Reggio Calabria. È il più antico partito politico italiano. Fondato il 12 aprile del 1895, ha rischiato di scomparire ieri. In un’Italia abituata da sempre a cambiare bandiera, che ha fatto del motto “Franza o Spagna purché si magna” un metodo di azione politica, il Partito Repubblicano è rimasto sempre uguale a se stesso, col suo nome e col suo simbolo. Non poteva finire così.
Ci vuole una grande personalità per guastare la festa a Silvio Berlusconi nel giorno del suo trionfo. Snobbare l’invito del leader del neocostituito Popolo della Libertà a salire sul palco del Congresso costitutivo, non è da tutti. Quella passerella, però, sarebbe significata la fine. Berlusconi ha chiamato a sè «i responsabili e i leader dei partiti e dei movimenti che oggi consegnano a noi le loro bandiere e i loro simboli affinché si fondano in quello del Popolo della Libertà».
Quando ha sentito pronunciare il proprio nome, ha fatto finta di niente, è rimasto impassibile al suo posto, in sella al Pri. Il reggino Francesco Nucara, 69enne segretario nazionale dei repubblicani, non ha abdicato in favore del re di Arcore.
Salire su quel palco, dopo quelle parole pronunciate da Berlusconi, sarebbe significato certificare la morte del suo partito, proprio lui che da quando guida la segreteria, nel 2001, ha fatto di tutto per la sopravvivenza del Partito Repubblicano Italiano. Ma proprio di tutto, navigando come un Noè senza Arca nei marosi degli ultimi otto anni della politica italiana, mentre piante ben più robuste come quercia e ulivo appassivano inesorabilmente, per portare in salvo quella specie preziosa di pianta, l’edera.
Nel 2006, ad esempio, dovette subire critiche e sberleffi quando annunciò la sua candidatura alla Camera dei deputati nella lista di Forza Italia. Non era cosa di tutti i giorni che un segretario nazionale di un partito si candidasse nella lista di un altro partito, seppure alleato; sebbene l’interessato fosse anche viceministro del governo Berlusconi. «Candidato con Forza Italia per salvare l’identità e la sopravvivenza del Partito Repubblicano» spiegò a chiare lettere senza curarsi delle critiche. Nucara, in una fase in cui il Pri rischiava di presentarsi alle urne senza guadagnare nemmeno un deputato, strinse un accordo nazionale con Forza Italia, grazie al quale presidente segretario e altri pochi esponenti si assicuravano una candidatura nella lista azzura, da indipendenti, in un collegio blindato; mentre al Senato, più accessibile, il Pri correva con la propria lista. E così ingoiò il rospo della candidatura azzurra, addolcito dal collegio della roccaforte repubblicana, l’Emilia Romagna, ma salvò il Pri.

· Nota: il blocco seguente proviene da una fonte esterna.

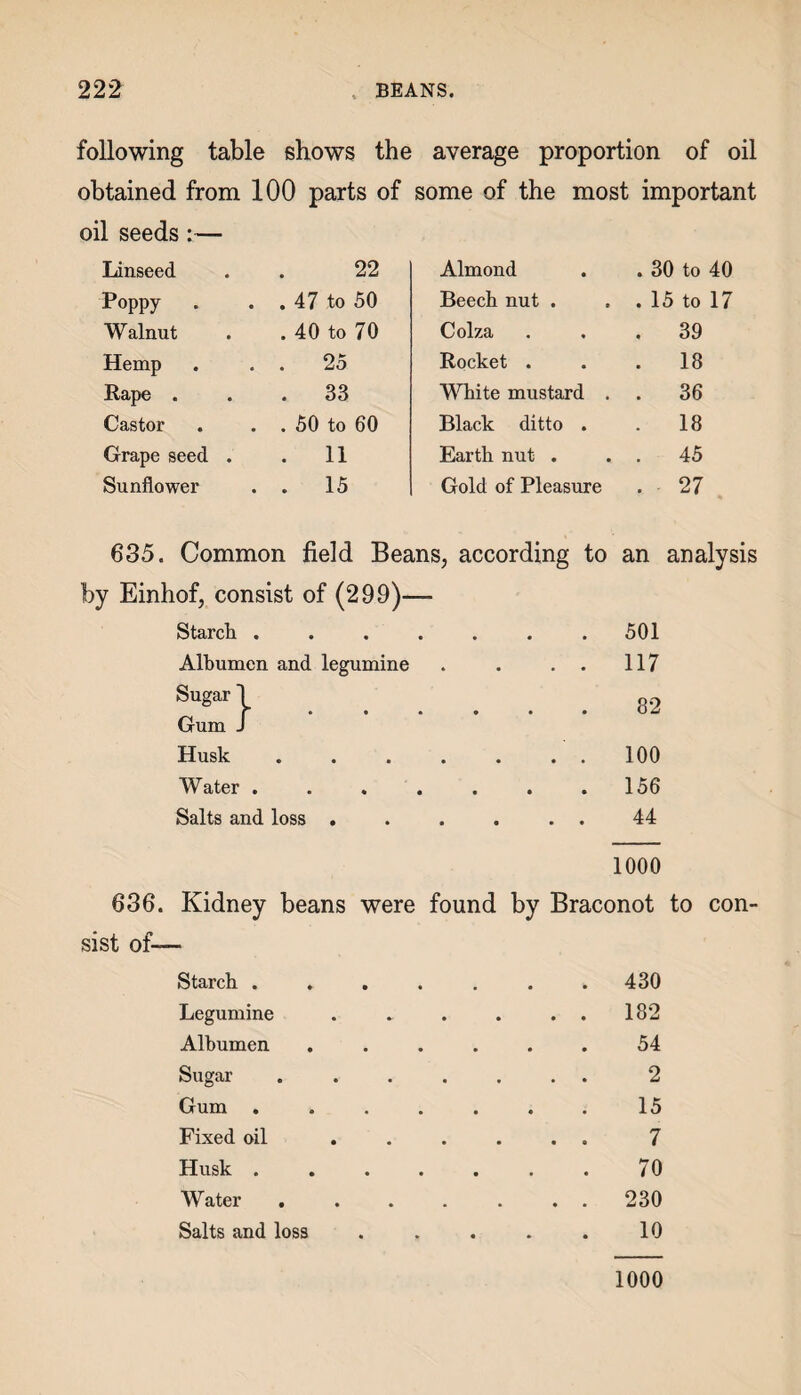 following table shows the average proportion of oil obtained from 100 parts of some of the most important oil seeds:— Linseed 22 Almond . 30 to 40 Poppy . . . 47 to 50 Beech nut . . 15 to 17 Walnut 40 to 70 Colza 39 Hemp . . . 25 Rocket . 18 Rape . 33 White mustard . 36 Castor . . . 50 to 60 Black ditto . 18 Grape seed . 11 Earth nut . 45 Sunflower . . 15 Gold of Pleasure 27 635. Common field Beans, according to an analysis by Einhof, consist of (299)- Starch . • • • • 501 Albumen and legumine • • • • 117 Sugar 1 • • • • • • 82 Gum J Husk • • • • • • 100 Water . • * • • • • 156 Salts and loss . • • • « 44 1000 636. Kidney beans were found by Braconot to con¬ sist of—• Starch ....... 430 Legumine . . . . . . 182 Albumen ...... 54 Sugar ....... 2 Gum . . . . . . . 15 Fixed oil ...... 7 Husk . . . . . . . 70 Water ....... 230 Salts and loss . . . . . 10 1000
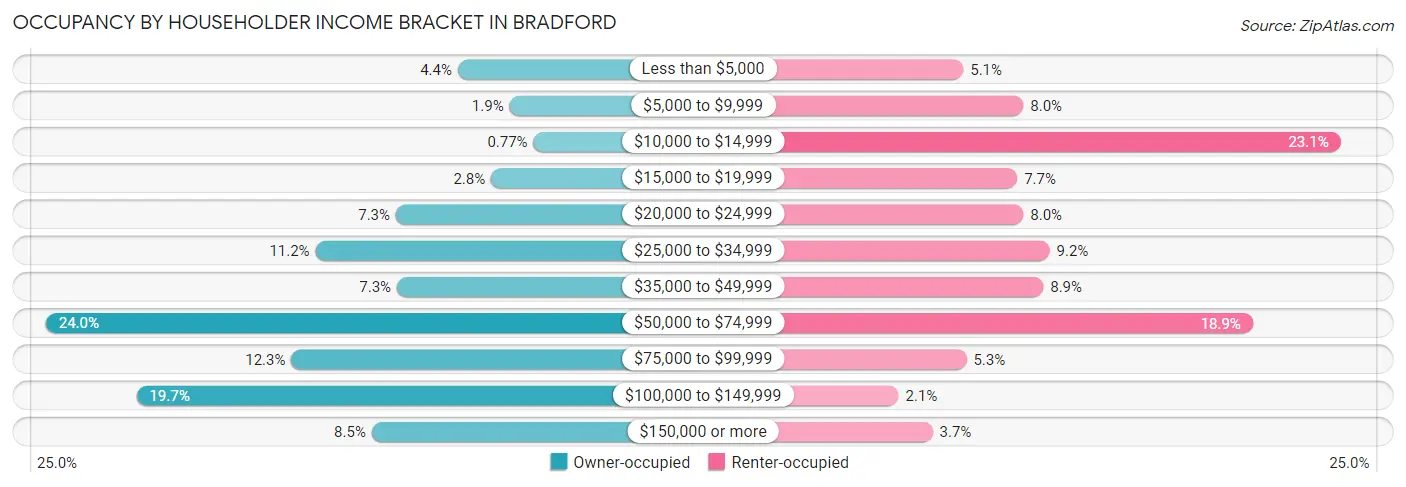 Occupancy by Householder Income Bracket in Bradford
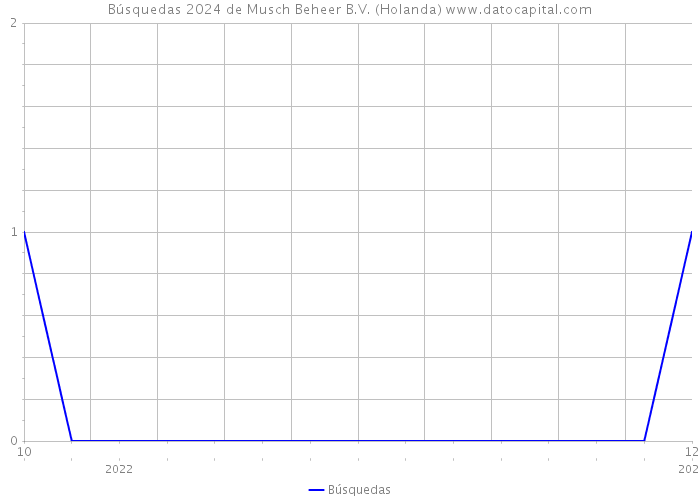 Búsquedas 2024 de Musch Beheer B.V. (Holanda) 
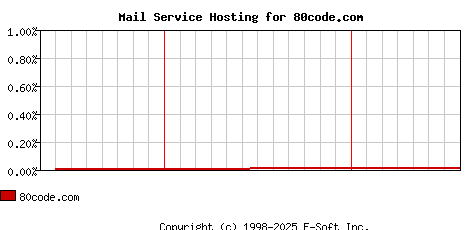 80code.com MX Hosting Market Share Graph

A distanza di tre anni, se ieri fosse salito sul palco del Pdl quel “sacrificio” sarebbe stato inutile. Morire per estinzione o per confusione, poco importa. Personaggi del “calibro” di Giuseppe Mazzini, Ugo La Malfa, Giovanni Spadolini, si sarebbero rivoltati nella tomba. Non poteva finire così. «Il Pri non si scioglierà – ha spiegato poi Nucara – perché noi non vogliamo scioglierci, ma aderire al Popolo della Libertà rimanendo in vita con il nostro simbolo e la nostra bandiera». Non a caso proprio per la sua peculiarità di attaccarsi saldamente ai punti d’appoggio, l’edera è il simbolo della fedeltà e dell’amore eterno.